We sat down with CEO of Macrogen Corp, Sang Tae Park; Dr Carlos Ruiz, Medical Director; and Jung Kim, Director, Clinical Services, at ASHG. We spoke to them about their latest CAP accreditation, and what benefits this will bring them in the next year.

Could you tell me about your recent CAP accreditation?

Dr. Carlos Ruiz: 20-30 years ago there were problems with tests that were not done well, and there was mortality because of that. The US government decided to regulate that and create a law known as CLIA, the Clinical Laboratories Improvement Act of 1985. This law sets standards for how tests should be done so that the quality of tests are even and appropriate for the person. One of the things that CLIA says is that every laboratory that is going to perform testing in human beings in the US, that will influence the diagnosis, treatment or outcomes of that person, needs to be under the guidance of CLIA laboratories. CLIA is like the baseline responsibility of the government, to say listen guys, you need to do this otherwise you can’t do anything to humans in the United States. What has happened since then is that most of the respectable labs have adopted this message. So in today’s marketplace it is almost expected that if you are reputable laboratory you are going to be certified by CLIA.

CLIA is an organisation that manages CMS along with the FDA, and they don’t have enough people to check out all the laboratories across the United States. So what they do is delegate different organisations to go and check and make sure that what laboratories are saying they are doing is the truth. There are four main organisations: CMS itself can do it, COLA can do it, CAP can do it and A2LA can do it. Macrogen Clinical Lab has been certified by CLIA for a number of years but the certification was obtained via CMS. So, CAP is considered to be the golden standard because it is an organisation created, managed, exploited, loved and hated by physicians, PhD’s. If you have a CIA approval by one of these companies then it is considered you are doing a good job. This is what we did with Macrogen, we were able to get the CLIA certification years ago, and when we talked to others in managerial positions we decided we were going to have the highest standard that we could, so we worked for quite a long time until we were able to get this. When we went through the process, we had a few observations but we were able to pass with no problems. Nowadays, Macrogen Clinical Lab has the approval of the federal government on the CLIA and the accreditation given by CAP.

What are the benefits of achieving a gold standard?

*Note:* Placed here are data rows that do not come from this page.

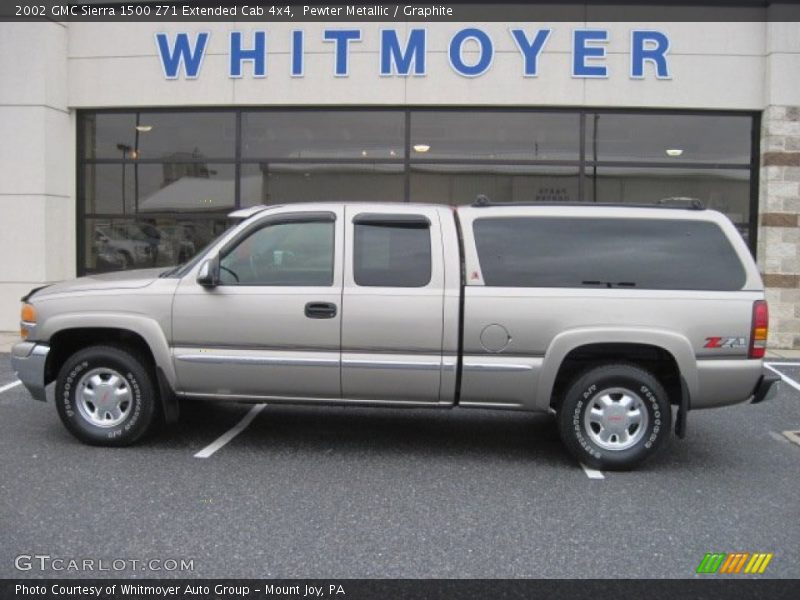 Pewter Metallic / Graphite 2002 GMC Sierra 1500 Z71 Extended Cab 4x4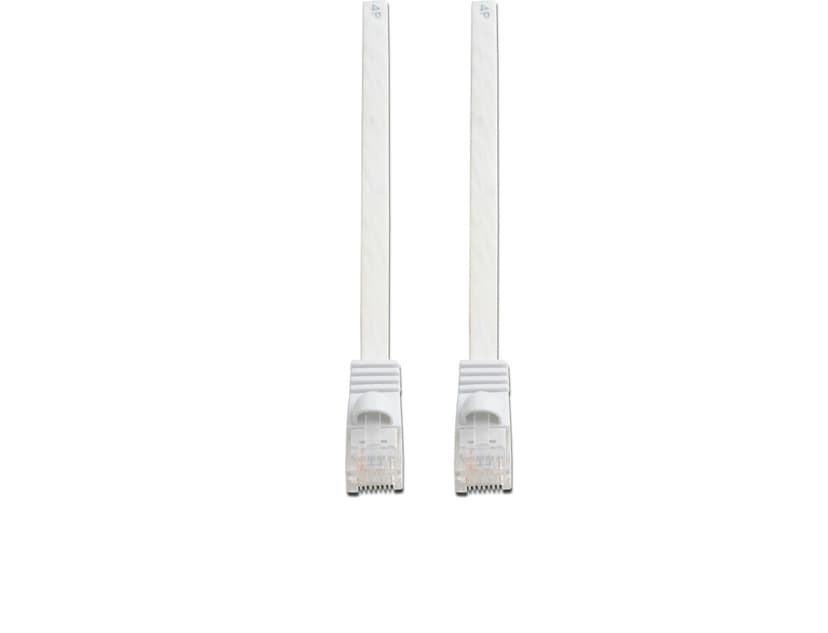 Prokord UTP CAT.6 Unshielded RJ45 Lszh 2m White Flat RJ-45 Cat 6 2m Wit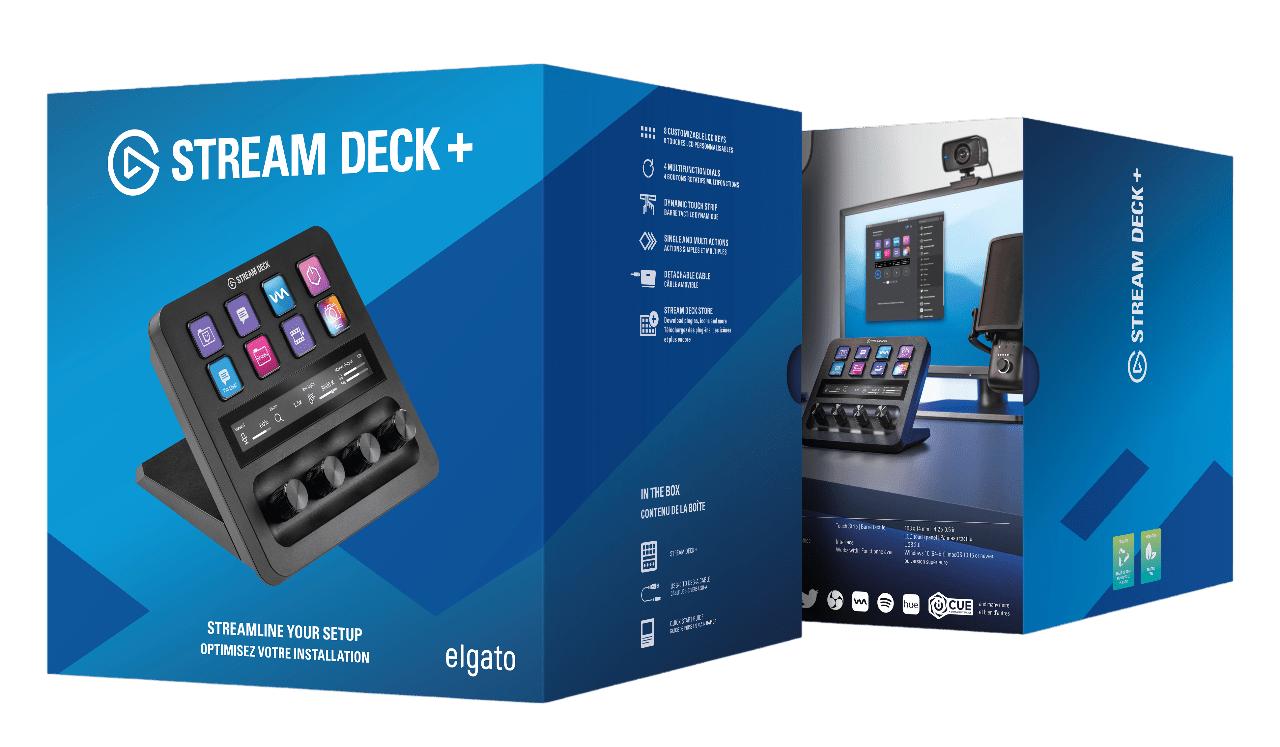 Elgato Stream Deck +, Audio Mixer, Production Console and Studio Controller and for Content Creators, Streaming, Gaming, with customisable touch strip dials and LCD keys, works with Mac and PC - Image 6
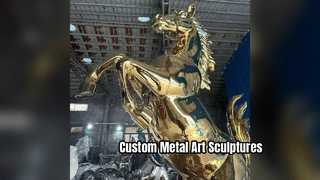 Custom Metal Art Sculptures Outdoor Decor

Sang Tae Park: The first one is the eligibility to contribute to a diagnosis in the US, in which the CLIA/CAP is a requirement. The problem in the genomic market is that it is still not fully ready because of reimbursement. With CLIA and CAP we can extend our services more to many other areas.

Dr. Carlos Ruiz: It is a strenuous process and it requires a lot of work and money. If you were to look at it from the point of view of the consumer, we can offer them the best quality they could ever ask for. It provides the company the best they can ask for, so that they will feel comfortable sending their work to us, as they know we will produce quality work.

 What feedback have you received about this at ASHG?

Jung Kim: That we can be trusted. This is a very big step for us. We can guarantee the highest quality of service for the customer. Our clients can trust our services no matter what circumstances they send samples from, we are able to provide them with the same quality of data every time. I think that we can build trust between the customer and the service provider, which enables us to pick up new business. Other regions, such as Europe and Asia, know that we are CLIA and CAP certified, assuring them that our lab will carry out tests under the proper policy and protocols with necessary requirements.

Dr. Carlos Ruiz: We can give them the reassurance that what we are doing is done the proper way, and we can give them that information with confidence.

How does this set you apart from your competitors?

Dr. Carlos Ruiz: This is the main emphasis in having the certification. In Europe there is another certification, called ISO. This doesn’t have a lot of practical relevance in the US. At some point we would like our two Seoul laboratories to be CLIA, CAP and ISO accredited as well. We will then be in a very good position.

Sang Tae Park: We stand out for quality and our main aim is to maintain that every year. Our next step is to combine ISO accreditation as well.

What are some of your key areas of focus right now in the Asian market, and what are the challenges you face within this?

Sang Tae Park: If you are talking about the Asian market specifically, then out of our global headquarters in South Korea, we are working on various research projects. Currently, we are also preparing for a healthcare- and diagnostic-based business. All of the genomic data is based on location; we are working on preparing projects that are based on that understanding.

Dr. Carlos Ruiz: Macrogen in Asia has an extremely large library of information and Dr. Seo [Chairman of Macrogen, Inc.] has been very diligent about building that. We are working to eventually bring together everything, and make on big gigantic solid organisation that will provide good work on both sides of the world.

Is there anything else you want to mention?

Sang Tae Park: One of the things our CAP accreditation has allowed is whole genome sequencing (WGS) in a CLIA/CAP setting. I think more work in this area is a great step to get the highest quality.

We want to get a better understanding of precision medicine; everyone has a different genome and based on this we need to understand population genomics. We are really proud to have a whole genome accreditation with CAP and CLIA. We are really excited about the future!